これで、同じダイアログボックスが開きます。
2.Shiftキー+Tabキーを押します。 「ボタンのタブコントロール 選択 タブで設定」と音声がします。
3.右矢印キーを押して、「ポインタ オプション」という所まで移動します。
4.そこからTabキーを押していって、
「ポインタを自動的に既定のボタン上に移動するの チェックボックス」
という項目に移動して、Spaceキーでチェックをつけます。
※既にチェックがついていたら、設定は不要ですから、Escapeキーでダイアログボックスを閉じて下さい。
5.そこからTabキーで「OK」のボタンに移動してSpaceキーを押します。 これで設定完了です。
デスクトップの何もない所で右クリック
一般ユーザー向けの説明に、「デスクトップの何もない所で右クリック…」という言葉がよく使われています。

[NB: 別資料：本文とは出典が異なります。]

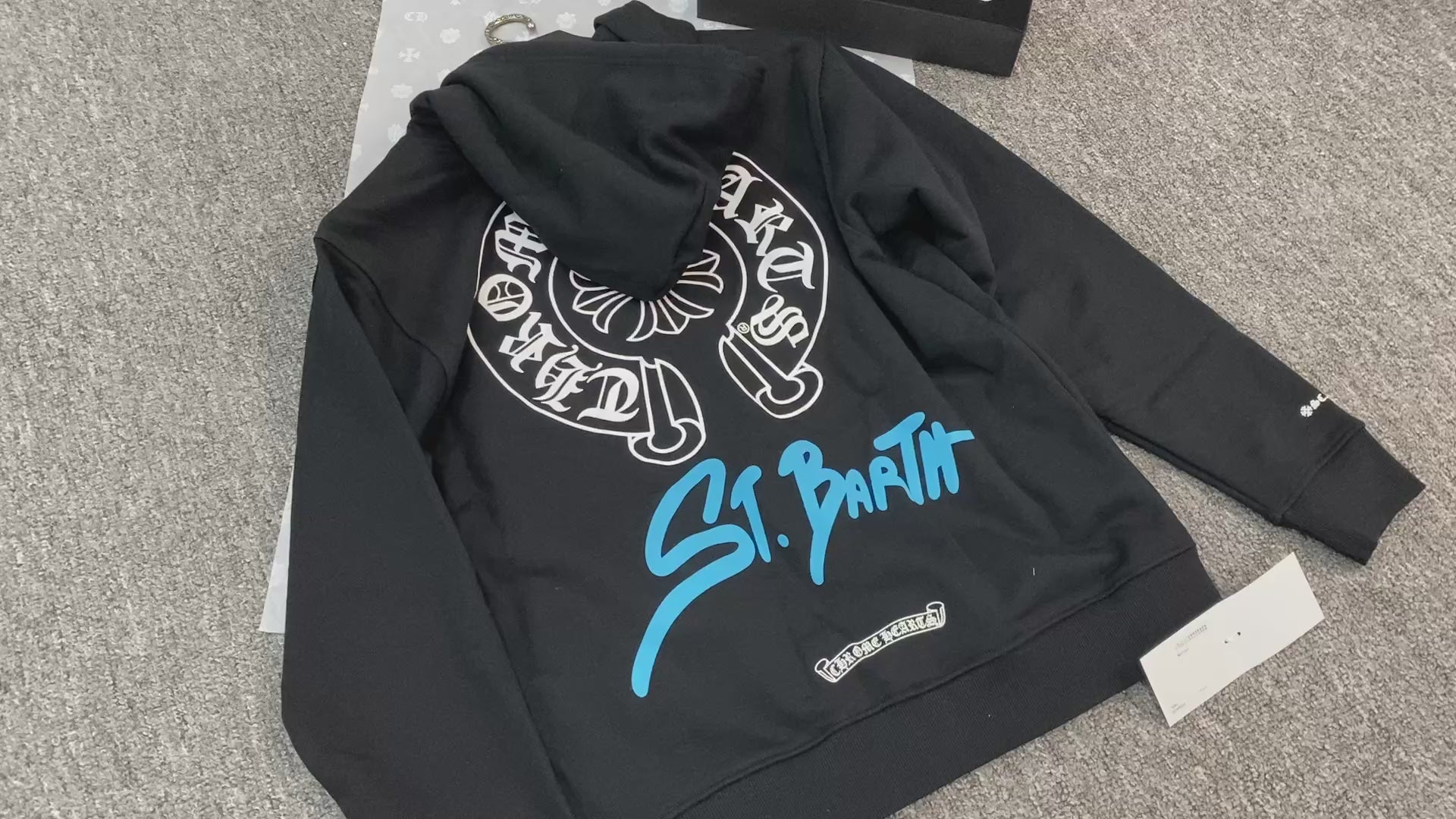 Sweatshirt à capuche manche longue Black and blue Saint Barth motif Chrome H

これは、デスクトップのカスタマイズなどの設定メニューを呼び出すための操作なのですが、マウスを使わずに、キーボードでこのメニューを開くことが出来ます。手順は以下のとおりです。
1.Windowsキー+D を押して、デスクトップにフォーカスを持っていきます。
2.Ctrlキー+Spaceキーを押します。
3.続いて、Applicationキー またはShiftキー+F10キーを押します。 これで、デスクトップの設定メニューが開きます。
※この手順で、デスクトップのショートカットアイコンにフォーカスされて、そのアイコンのコンテキストメニューが開いてしまうことがあります。 その時は、もう一度 最初からやり直して下さい。